La empatía es la capacidad de ver el mundo como la otra persona, comprender sus sentimientos, necesidades, preocupaciones y estado emocional. Se trata de una competencia clave de la inteligencia emocional, fundamental para comunicarnos y relacionarnos con los demás. De ahí la importancia de fomentarla en ámbito laboral.

Ser empático en las relaciones laborales conlleva múltiples beneficios. Ayuda a establecer relaciones más duraderas y auténticas con nuestros compañeros o colaboradores, pero ponerla en práctica también redunda notablemente en beneficio de otros aspectos como la comunicación en la empresa, la atención al público, la capacidad de liderazgo, las habilidades de negociación y el trabajo en equipo.

Conocer las necesidades de los demás, propicia ofrecer ayuda. Practicar la empatía es tan simple como cuestionarse “¿cómo se siente mi compañero?”, “¿necesita ayuda?”, “¿puedo hacer algo por él o ella?”.

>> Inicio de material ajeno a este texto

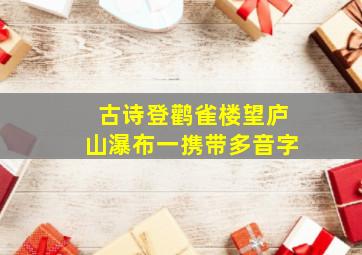 古诗登鹳雀楼望庐山瀑布一携带多音字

Tips de inteligencia emocional para aplicar al trabajo

  • El autoconocimiento. Conocerse en profundidad y tener conciencia sobre las habilidades, necesidades y emociones propias es fundamental para poder diferenciar la vida personal de la profesional. Además, es una forma de poder gestionar los niveles de energía y concentración para poder ser productivos. Un mayor autoconocimiento es muy útil para saber gestionar situaciones de crisis.
  • La auto regulación o auto control.  Antes de dejarnos llevar por un impulso negativo debemos pensar si nuestra reacción va a ser la adecuada e intentar modelarla. Con una auto regulación adecuada tendremos lacapacidad de saber repasar lo que ha podido ocurrir, analizar las propias acciones y los resultados para poder pensar en una respuesta diferente y mejor, para la próxima vez que ocurra.
  • La auto motivación. Con este principio, podremos ser capaces de lograr aquello que queremos conseguir (proponiendo objetivos realistas).  Es el motor interno que nos lleva a realizar nuestros objetivos y metas. Se trata de tener confianza en nosotros mismos, para de esta forma lograr convencer a los compañeros o colaboradores.
  • Comunicación asertiva. Se trata de saber utilizar el tono adecuado y buscar el lugar más idóneo para expresar un problema. Por ejemplo, cuando un compañero comete un error, es importante enfocar el mensaje a la resolución del problema, intentando hablar de las consecuencias que puede tener en el ámbito profesional.

Lo más importante de todo es identificar que tenemos una inteligencia emocional y que tenemos el compromiso de desarrollarla, de la misma forma que desarrollamos nuestro físico. En el paradigma social aún no se considera algo básico, y, por tanto, no todo el mundo la desarrolla, ya que ni tan siquiera sabe que la tiene. Por eso es importante identificarla, que se enseñe en la sociedad que existe y explicar en qué consiste.